Task to complete |
Begin at the line with "Spacebar Counter Spacebar" and set down each line exactly until the listing ends. Images stay out.

Collected material |
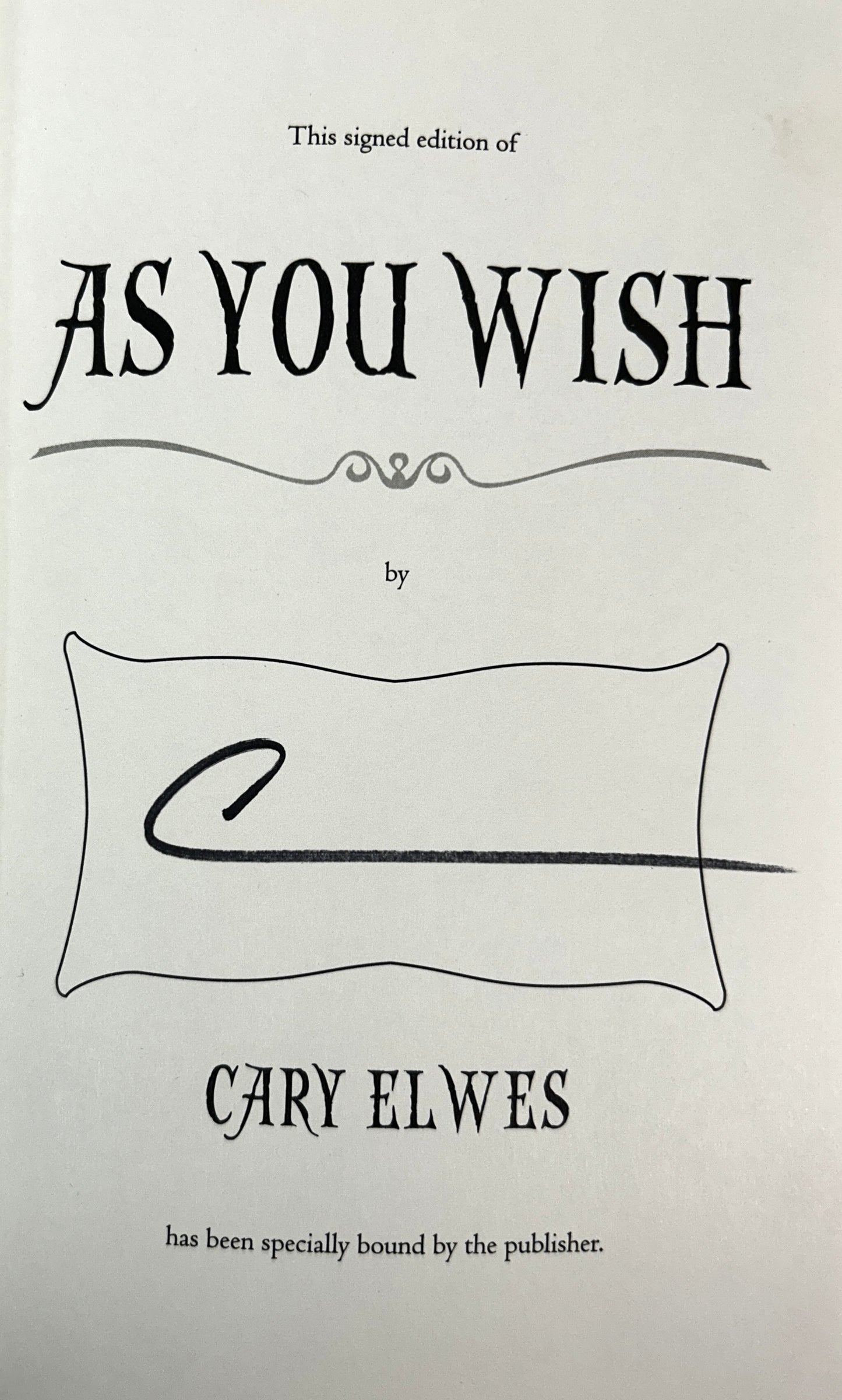 As You Wish: Inconceivable Tales from the Making of The Princes Bride by Cary Elwes 2014 SIGNED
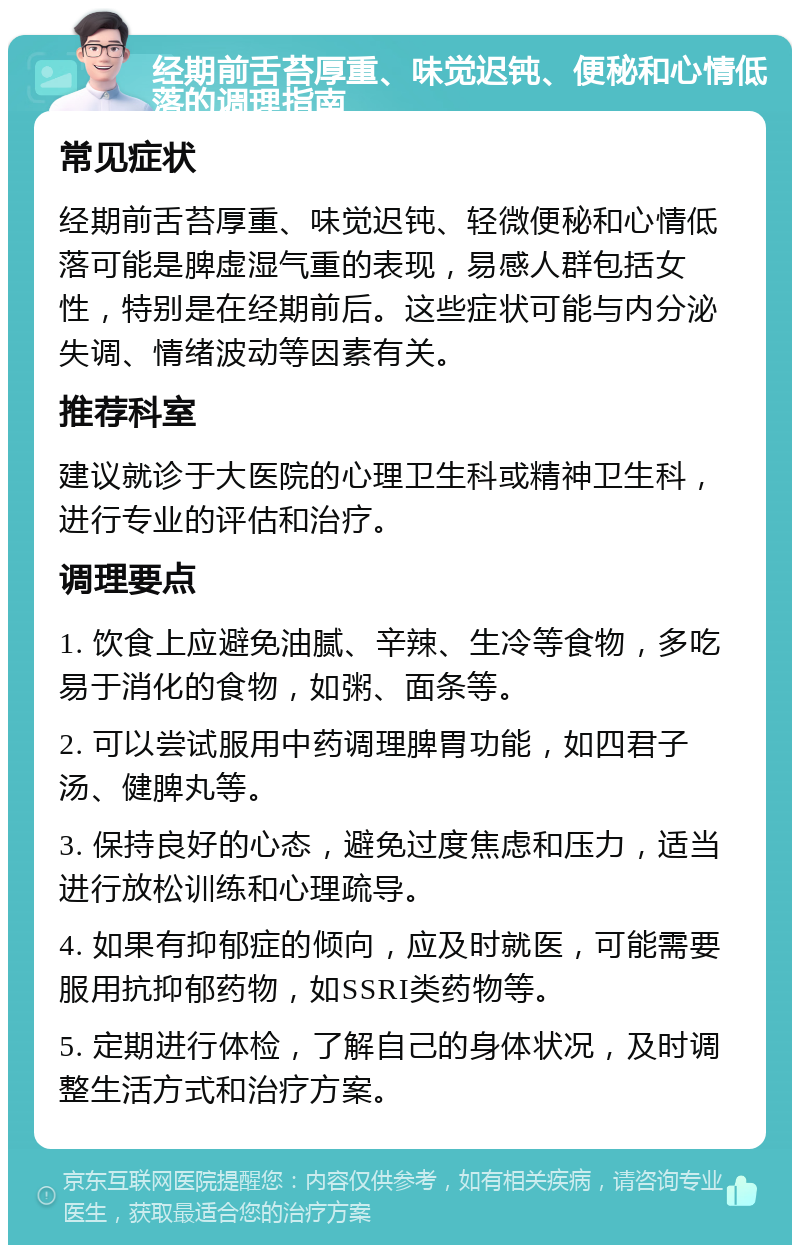 经期前舌苔厚重、味觉迟钝、便秘和心情低落的调理指南 常见症状 经期前舌苔厚重、味觉迟钝、轻微便秘和心情低落可能是脾虚湿气重的表现，易感人群包括女性，特别是在经期前后。这些症状可能与内分泌失调、情绪波动等因素有关。 推荐科室 建议就诊于大医院的心理卫生科或精神卫生科，进行专业的评估和治疗。 调理要点 1. 饮食上应避免油腻、辛辣、生冷等食物，多吃易于消化的食物，如粥、面条等。 2. 可以尝试服用中药调理脾胃功能，如四君子汤、健脾丸等。 3. 保持良好的心态，避免过度焦虑和压力，适当进行放松训练和心理疏导。 4. 如果有抑郁症的倾向，应及时就医，可能需要服用抗抑郁药物，如SSRI类药物等。 5. 定期进行体检，了解自己的身体状况，及时调整生活方式和治疗方案。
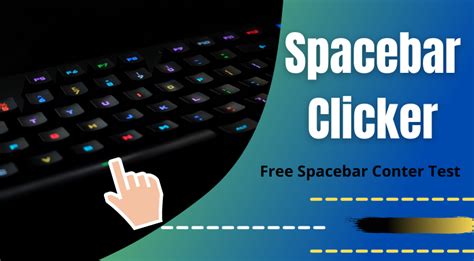 Spacebar Counter Spacebar Clicker Free Spacebar Counter Test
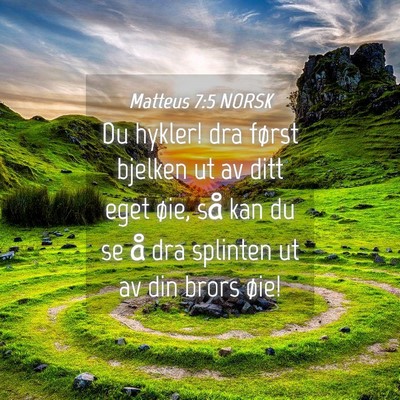 Picture 04 - Matteus 7:5 NORSK - Du hykler! dra først bjelken ut av ditt eget - Bible Verse Picture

Written response |
 Spacebar Counter Spacebar Clicker Free Spacebar Counter Test
 Picture 04 - Matteus 7:5 NORSK - Du hykler! dra først bjelken ut av ditt eget - Bible Verse Picture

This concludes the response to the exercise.